I have to admit that I'm not a sparky but want to do a proper job, I've seen posts on YouTube from eFIXX that talks about "Grouping" and how many cables can be installed in a run of conduit, they make reference to the "site guide", could anyone help with the pages I'd need to refer too? eFIXX Video

As I mentioned above in the first posts, I'm installing two LED 60w panels plus I would like to 8 double sockets, you can never have enough sockets as I have found to my cost in a recent extension we built. There are no big loads being used apart from an Oil filled rad for heating, other than that just small hand tools.

Again thanks for your responses.

Plus 8 Double sockets... So this is a lot more than just a couple of LED panel lights then?

The On-Site-Guide Section 7, (pages 73 to 102), gives basic summary calculation guidance for "Final circuits", and also refers to sections of BS7671 wiring regulations.

However, for the work you describe, I would have expected you need an understanding of many other sections as well;
e.g.
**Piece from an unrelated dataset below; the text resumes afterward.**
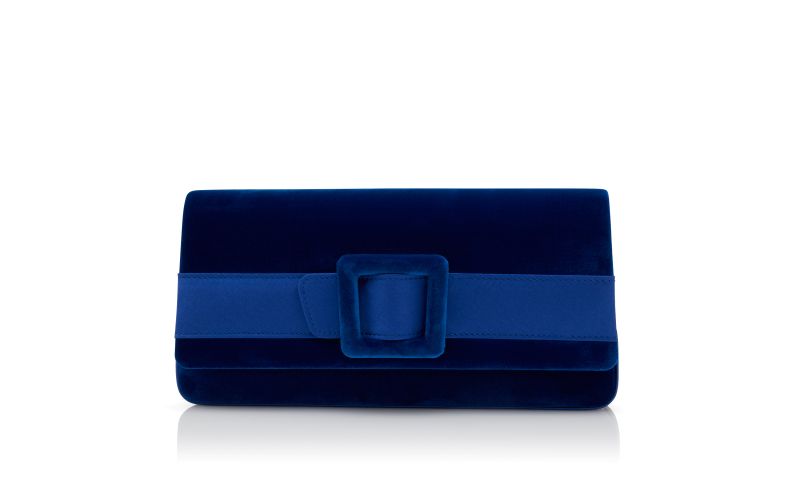 Side view of Maygot, Blue Velvet Buckle Clutch - AU$2,825.00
Section 3 Protective devices, Section 4 Earthing & Bonding, Section 9 Inspection & Testing.
Appendix B Max permissible Earth Loop Impedance, Appendix E cable capacities of conduit & trunking, Appendix F Current capacities & volt drop for copper conductors, Appendix G Certification & Reporting, Appendix H Standard circuit arrangements for household and similar installations... etc.. etc.. etc...

(I am not going to start coping images of pages to post here on the forum.. Its quicker for you to either buy a copy https://www.amazon.co.uk/Site-Guide-7671-Electrical-Regulations/dp/1839532270/ref=asc_df_1839532270
Or borrow a copy from the library.)

But more accurately you really need a comprehensive understanding of numerous sections of BS7671 wiring regulations with possible reference to the On-Site-Guide, which is only meant to be a quick ref summary of key points relating to smaller installations.. The On-Site-Guide is intended to provide additional explanations of some aspects of BS7671.. Not a comprehensive single point of reference to answer all electrical design questions instead of the 624 page copy BS7671 plus amendments!

If you "Want to do a proper job"....
What test equipment do you have access to for your dead testing, live testing and RCD testing?

What arrangements have you made for providing electrical certification?

As this sounds like some new circuits, and/or wiring crossing a garden, how are you providing your part-P building regs compliance notification?

What cable sizes have you calculated you need to meet volt drop requirements? as this could also affect what size conduit is needed?

The size of the loads is only one aspect of your calculations, the cable CSA and distance from the incoming supply terminations are also very important... (e.g. A shed at the bottom of a 40m garden is a very different wiring design than a shed 5m away across a driveway.)

I think we'd need more info than you have given so far, to assess if you plans are potentially a good design or a pile of pooh waiting to hit the fan if something goes wrong...

The key rule you MUST remember is that designing any electrical alteration or addition is NOT about making something work..
(As that is easy and any idjut can join a few wires to make something work, even without using YouTube or Mate-Down-The-Pub guidance).. But good electrical design is about ensuring that in the event of a fault the energy source is disconnected fast enough before any one is injured or killed! {remembering that electricity can kill a healthy adult in less than a second}.